Announcement

Collapse
No announcement yet.
X
  • Filter
  • Time
  • Show
Clear All
new posts

  • How to compute simultaneous confidence intervals for multinomial proportions?

    Hello everybody,

    I would like to use a multinomial variable in one sample of subjects to make inferences about the proportion of the population in each category, with confidence intervals.
    Apparently there is a 'Multinomial CI' package in R (http://cran.at.r-project.org/web/pac...tinomialCI.pdf).
    Do you know how to do the same in STATA?

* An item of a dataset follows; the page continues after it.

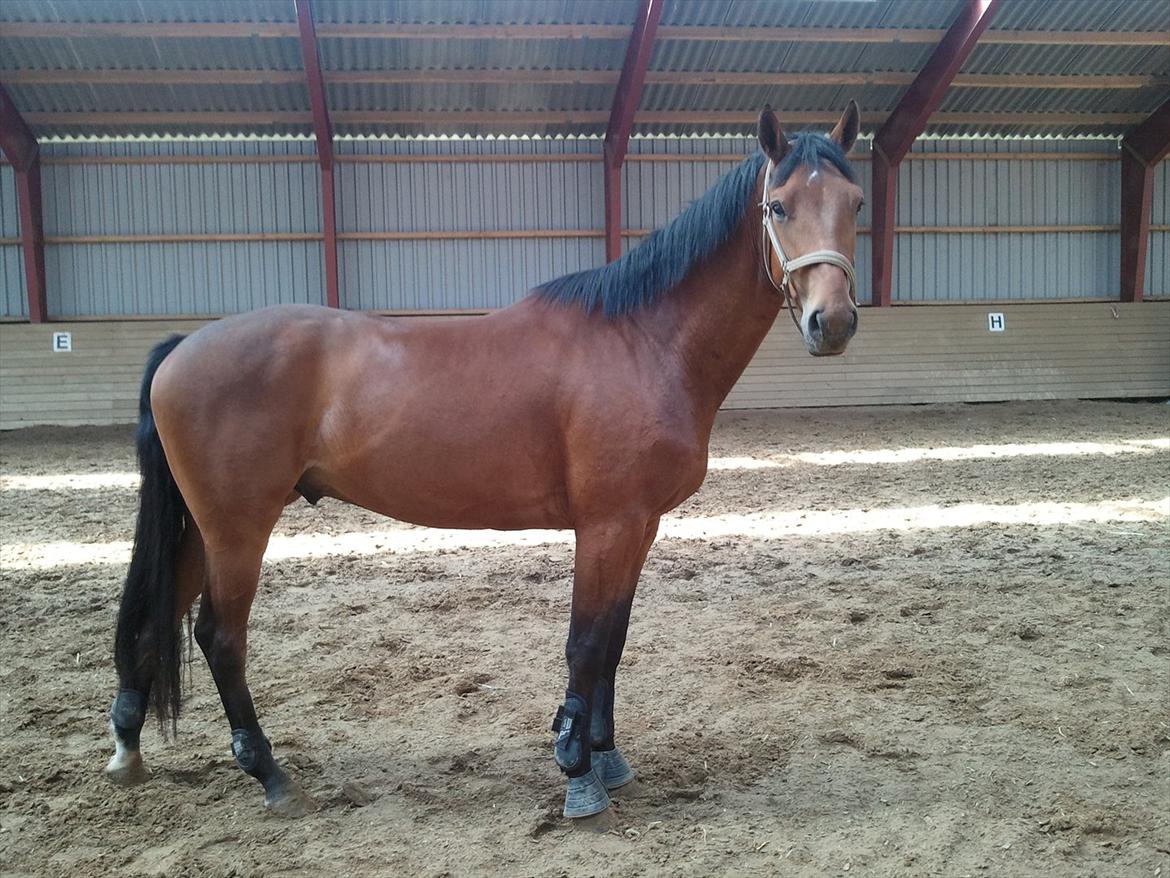 Dansk Varmblod Åtoftens Lericko billede 17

    Thank you very much in advance.

    Thomas
    Last edited by tsimonso; 07 Aug 2014, 03:20.

  • #2
    I'm resurrecting this old thread because I have the same question: Does anyone know of a Stata program to compute simultaneous confidence intervals for multinomial proportions?

    Thanks,
    Bruce
    --
    Bruce Weaver
    Email: [email protected]
    Version: Stata/MP 18.5 (Windows)

    Comment


    • #3
      Another polite "bump" from me.
      I would also like to use simultaneous CIs for multinomial proportions without asking someone to do it in SAS or R for me.
      I looked at the help section to find out if there were any packages/utilities I could use but the search only returned mlogit.
      Unless I am missing something obvious like an option from a contingency table convenience command?

      Thanks in advance for your help.
      Gaby
      Stata BE ver 17
      MacOS Ventura

      Comment


      • #4
        Here's one hack that *might* help: You can run -mlogit y- without any predictors. Then, you can use -margins, predict- to get CIs based on parameters and standard errors estimated simultaneously. I can't figure out how to get -margins- to generate the prediction and CI for more than one outcome at a time, but you can do them serially:
        Code:
        sysuse auto
        mlogit rep78
        margins, predict(pr outcome(1))
        margins, predict(pr outcome(2))
        I don't know if this will give a correct result, as I don't have anything with which to compare. And, at this small sample size, I wouldn't trust these results.

        Comment


        • #5
          Hello Mike,
          Thanks for the advice - I tried it but up to now I haven't been able to find a way to verify the reliability of the results so I ended up using the procedure in SAS that Bruce Weaver suggested.
          I am surprised that this has not been dealth with by Stata yet.
          I think some people are creating indicator variables for each level of a category and calculating binomial CIs from each of these indicator variables.
          I am hoping that this thread might come to the attention of the luminaries of Statalist!
          Thanks again
          Gaby
          Stata BE ver 17
          MacOS Ventura

          Comment


          • #6
            Mike, I think that what you are looking for is
            Code:
            margins, predict()
            As you can see, the lower bound of the confidence interval for the first category is negative (which does not make sense). This is circumvented by the proportion command since it applies the logit transformation to the confidence intervals (and then transfoms it back to the original metric).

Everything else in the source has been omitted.